[MUD-Dev] banning the sale of items

Par Winzell zell at alyx.com
Sun Apr 16 12:26:21 CEST 2000


Matthew Mihaly writes:
 > On Wed, 12 Apr 2000, Ryan Palacio wrote:
 > 
 > > By a large number of people, it is considered unethical and detracting
 > > from the game.  The use of OOC resources to affect in-game experiences
 > > pits people vs people.  Some people do not have the funds to acquire 
 > > objects that others do if this was implemented.  To these same people,
 > > the environment is an RPG, and therefore mutually exclusive of RL.
 > > This leads to the perception that the RPG environment and game _should_
 > > be a level playing field devoid of RL influence.
 > 
 > Unethical, unschmethical. A lot of people consider it unethical to charge
 > for muds. So what. They are a fairly poor customer base, as they're cheap. 
 > 
 > If the RPG environment and game should be a level playing field devoid of
 > RL influence, then why has Verant set up its game so that your success in
 > it is dominated by an RL factor: time. Time is a resource, and it is
 > one that must be spent to play Everquest. However, because of bandwidth
 > concerns, player time has negative value to you. You don't WANT them to
 > spend that resource on EQ if you can help it.

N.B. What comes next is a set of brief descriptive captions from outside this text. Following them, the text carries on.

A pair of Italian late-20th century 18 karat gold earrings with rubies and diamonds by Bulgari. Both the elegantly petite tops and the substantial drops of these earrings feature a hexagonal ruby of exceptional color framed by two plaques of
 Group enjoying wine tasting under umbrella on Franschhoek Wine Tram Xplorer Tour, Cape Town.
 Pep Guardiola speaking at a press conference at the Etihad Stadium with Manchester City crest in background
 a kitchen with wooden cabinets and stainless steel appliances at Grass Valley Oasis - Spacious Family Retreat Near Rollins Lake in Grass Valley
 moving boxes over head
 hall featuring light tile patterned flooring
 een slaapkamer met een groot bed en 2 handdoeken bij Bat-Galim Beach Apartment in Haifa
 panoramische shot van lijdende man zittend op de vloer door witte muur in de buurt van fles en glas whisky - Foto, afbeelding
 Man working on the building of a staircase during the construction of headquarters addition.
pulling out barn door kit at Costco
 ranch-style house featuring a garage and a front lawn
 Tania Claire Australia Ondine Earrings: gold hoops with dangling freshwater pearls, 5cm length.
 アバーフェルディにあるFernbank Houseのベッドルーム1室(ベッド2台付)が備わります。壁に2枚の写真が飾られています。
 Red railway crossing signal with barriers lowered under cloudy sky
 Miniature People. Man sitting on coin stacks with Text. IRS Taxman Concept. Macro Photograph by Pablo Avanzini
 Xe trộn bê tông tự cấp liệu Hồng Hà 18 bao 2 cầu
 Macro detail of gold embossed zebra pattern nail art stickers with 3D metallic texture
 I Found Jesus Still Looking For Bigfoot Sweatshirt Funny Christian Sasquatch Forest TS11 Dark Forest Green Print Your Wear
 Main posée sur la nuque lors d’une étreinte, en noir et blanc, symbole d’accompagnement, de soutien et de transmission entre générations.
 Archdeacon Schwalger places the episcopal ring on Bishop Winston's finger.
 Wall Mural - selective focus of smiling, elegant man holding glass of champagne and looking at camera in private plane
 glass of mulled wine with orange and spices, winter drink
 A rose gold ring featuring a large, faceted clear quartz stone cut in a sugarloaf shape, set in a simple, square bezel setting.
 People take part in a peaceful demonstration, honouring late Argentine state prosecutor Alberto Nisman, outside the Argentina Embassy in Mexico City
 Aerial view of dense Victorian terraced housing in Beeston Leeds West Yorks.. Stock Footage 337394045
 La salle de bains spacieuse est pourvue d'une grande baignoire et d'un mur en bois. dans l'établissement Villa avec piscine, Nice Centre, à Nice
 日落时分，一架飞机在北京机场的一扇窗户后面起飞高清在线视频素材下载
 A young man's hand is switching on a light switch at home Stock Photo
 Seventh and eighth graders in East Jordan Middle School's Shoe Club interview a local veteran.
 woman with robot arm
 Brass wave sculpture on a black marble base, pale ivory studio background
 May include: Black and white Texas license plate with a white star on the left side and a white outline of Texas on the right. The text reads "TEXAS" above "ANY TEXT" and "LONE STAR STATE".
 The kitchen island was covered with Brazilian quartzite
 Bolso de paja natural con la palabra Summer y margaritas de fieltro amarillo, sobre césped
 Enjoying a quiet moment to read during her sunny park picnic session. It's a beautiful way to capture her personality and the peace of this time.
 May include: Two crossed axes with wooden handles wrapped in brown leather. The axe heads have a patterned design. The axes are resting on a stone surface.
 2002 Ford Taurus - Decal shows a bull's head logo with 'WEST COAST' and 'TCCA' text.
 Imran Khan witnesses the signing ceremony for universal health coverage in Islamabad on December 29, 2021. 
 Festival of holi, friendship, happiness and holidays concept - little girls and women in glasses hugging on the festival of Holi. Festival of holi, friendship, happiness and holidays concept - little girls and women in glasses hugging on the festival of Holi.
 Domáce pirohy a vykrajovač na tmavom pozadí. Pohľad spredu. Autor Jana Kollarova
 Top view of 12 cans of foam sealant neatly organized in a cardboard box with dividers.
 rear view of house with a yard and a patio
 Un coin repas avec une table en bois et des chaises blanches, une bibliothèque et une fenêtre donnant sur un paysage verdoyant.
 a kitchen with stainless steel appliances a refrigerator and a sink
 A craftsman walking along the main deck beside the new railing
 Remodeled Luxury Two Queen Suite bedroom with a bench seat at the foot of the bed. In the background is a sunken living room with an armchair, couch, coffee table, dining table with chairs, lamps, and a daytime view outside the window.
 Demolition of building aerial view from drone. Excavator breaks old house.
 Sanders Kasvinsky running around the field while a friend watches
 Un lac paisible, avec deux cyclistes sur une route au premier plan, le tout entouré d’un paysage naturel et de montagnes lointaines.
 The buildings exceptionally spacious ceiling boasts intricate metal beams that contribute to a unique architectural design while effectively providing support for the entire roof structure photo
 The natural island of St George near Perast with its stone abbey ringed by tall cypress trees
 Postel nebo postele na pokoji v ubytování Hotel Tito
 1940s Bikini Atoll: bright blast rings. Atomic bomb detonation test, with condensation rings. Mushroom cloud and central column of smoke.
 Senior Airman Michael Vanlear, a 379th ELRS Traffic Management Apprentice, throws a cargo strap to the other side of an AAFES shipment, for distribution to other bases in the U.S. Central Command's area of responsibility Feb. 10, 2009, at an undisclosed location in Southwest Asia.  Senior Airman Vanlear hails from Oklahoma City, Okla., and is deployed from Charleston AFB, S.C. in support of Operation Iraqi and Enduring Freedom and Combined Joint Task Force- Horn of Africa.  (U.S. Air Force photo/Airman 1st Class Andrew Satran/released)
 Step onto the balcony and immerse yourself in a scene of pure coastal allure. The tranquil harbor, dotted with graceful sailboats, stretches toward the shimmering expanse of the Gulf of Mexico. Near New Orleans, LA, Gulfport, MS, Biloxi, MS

I do not think the purist approach to keeping the RPG experience free of
RL influences necessarily creates a better game. Nor should you shy away
from RL/RPG fund transfers because there are people who feel it unethical.

However, you should be careful with it because as with many ethical points, 
it may be the concentrated, intuitive expression of a complex brew of very
rational and real reasoning. Trying to untangle those reasons does not make
it more or less true, but possibly it might help navigate -- to see when
and where you can sell what with impunity.

Money and time are both RL resources and yes, they are interchangable to
some degree. The difference is that money buys convenience, and there is
something about convenience that is diametrically opposite of epic. There
is a superb article I read recently about how reality is losing gravity;

	http://www.twq.com/winter00/231Borgmann.pdf

(I can recommend the Washington Quarterly in general, a splendid read).

Muds _must_ be inconvenient to be fun, to have any purpose. Being a couch
potato in the 14th century is not much more exciting than being one here
and now. People escape into fantasy realities to find simpler hierarchies
and general power structures -- where with a substantial but surmountable
amount of effort you can climb; gain might and the respect of your peers.

Even while addicted to the bourgeois urge, people crave true values that
cannot be bought -- personal character gained through hardships, perhaps,
or hereditary nobility. This last one, nobility, is interesting because it
is at the same time terribly exclusive but also granted pragmatically when
necessary; perhaps even sold. Values are kept intact here simply by having
the old guard utterly dismissive of the new.

And that may be the line a Mud has to walk... as long as the dilution of
the respect network never exceeds some difficult-to-pin-down amount, you
are safe. In other words, play it by ear as you do now.